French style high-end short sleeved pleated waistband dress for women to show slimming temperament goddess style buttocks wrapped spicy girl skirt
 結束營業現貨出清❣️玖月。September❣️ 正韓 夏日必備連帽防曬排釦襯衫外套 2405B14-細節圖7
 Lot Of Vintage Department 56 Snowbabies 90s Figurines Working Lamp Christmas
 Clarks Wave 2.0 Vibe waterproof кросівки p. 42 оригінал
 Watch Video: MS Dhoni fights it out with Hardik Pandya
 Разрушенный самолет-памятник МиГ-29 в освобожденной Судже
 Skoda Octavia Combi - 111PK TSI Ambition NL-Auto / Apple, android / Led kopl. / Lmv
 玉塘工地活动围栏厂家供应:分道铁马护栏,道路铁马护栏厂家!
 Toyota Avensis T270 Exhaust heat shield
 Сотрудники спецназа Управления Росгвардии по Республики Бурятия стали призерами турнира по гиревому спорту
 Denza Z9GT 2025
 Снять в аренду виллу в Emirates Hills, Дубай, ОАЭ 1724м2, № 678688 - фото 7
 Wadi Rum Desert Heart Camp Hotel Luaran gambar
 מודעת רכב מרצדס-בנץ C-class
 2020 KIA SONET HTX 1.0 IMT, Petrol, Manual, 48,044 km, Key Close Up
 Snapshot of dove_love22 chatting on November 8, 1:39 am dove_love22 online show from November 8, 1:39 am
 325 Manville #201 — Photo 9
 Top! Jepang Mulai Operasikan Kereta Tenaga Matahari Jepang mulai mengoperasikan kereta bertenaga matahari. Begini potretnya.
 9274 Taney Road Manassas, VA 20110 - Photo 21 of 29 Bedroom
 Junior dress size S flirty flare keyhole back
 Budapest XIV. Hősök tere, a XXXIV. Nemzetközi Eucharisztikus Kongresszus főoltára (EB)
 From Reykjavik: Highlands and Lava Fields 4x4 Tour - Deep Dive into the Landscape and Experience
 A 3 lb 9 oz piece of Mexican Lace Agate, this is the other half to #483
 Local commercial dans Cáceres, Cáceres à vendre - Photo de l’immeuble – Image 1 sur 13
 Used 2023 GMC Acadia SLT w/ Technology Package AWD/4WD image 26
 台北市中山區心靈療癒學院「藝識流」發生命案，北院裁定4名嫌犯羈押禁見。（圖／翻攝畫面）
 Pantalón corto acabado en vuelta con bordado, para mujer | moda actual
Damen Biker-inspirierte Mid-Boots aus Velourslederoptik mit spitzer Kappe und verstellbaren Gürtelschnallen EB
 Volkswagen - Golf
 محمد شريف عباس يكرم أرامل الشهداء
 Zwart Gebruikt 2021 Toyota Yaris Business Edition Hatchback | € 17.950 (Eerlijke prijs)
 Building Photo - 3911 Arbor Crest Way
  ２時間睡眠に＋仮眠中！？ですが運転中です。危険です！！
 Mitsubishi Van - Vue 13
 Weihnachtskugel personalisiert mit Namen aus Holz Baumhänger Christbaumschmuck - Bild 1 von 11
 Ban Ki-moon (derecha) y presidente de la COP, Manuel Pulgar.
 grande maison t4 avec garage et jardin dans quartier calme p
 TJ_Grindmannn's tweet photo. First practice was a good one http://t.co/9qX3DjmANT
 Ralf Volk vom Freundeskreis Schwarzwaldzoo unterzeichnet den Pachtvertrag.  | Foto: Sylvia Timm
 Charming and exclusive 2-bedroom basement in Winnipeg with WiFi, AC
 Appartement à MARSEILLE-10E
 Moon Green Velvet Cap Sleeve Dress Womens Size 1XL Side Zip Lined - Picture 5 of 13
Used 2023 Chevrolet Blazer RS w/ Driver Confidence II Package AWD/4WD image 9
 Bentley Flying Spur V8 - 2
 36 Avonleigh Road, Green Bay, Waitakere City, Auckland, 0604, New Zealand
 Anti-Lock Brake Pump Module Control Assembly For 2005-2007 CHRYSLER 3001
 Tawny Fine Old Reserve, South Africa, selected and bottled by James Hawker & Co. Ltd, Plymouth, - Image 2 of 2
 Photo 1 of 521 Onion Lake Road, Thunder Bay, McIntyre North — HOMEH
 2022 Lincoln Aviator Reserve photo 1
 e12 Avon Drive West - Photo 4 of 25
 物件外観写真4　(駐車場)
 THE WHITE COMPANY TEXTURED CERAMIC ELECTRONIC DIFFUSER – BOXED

• [What you need to do] Each line holding the string "Road" counts once. Work out the number of such lines in the data and give only that.

• [Answer to this exercise] 3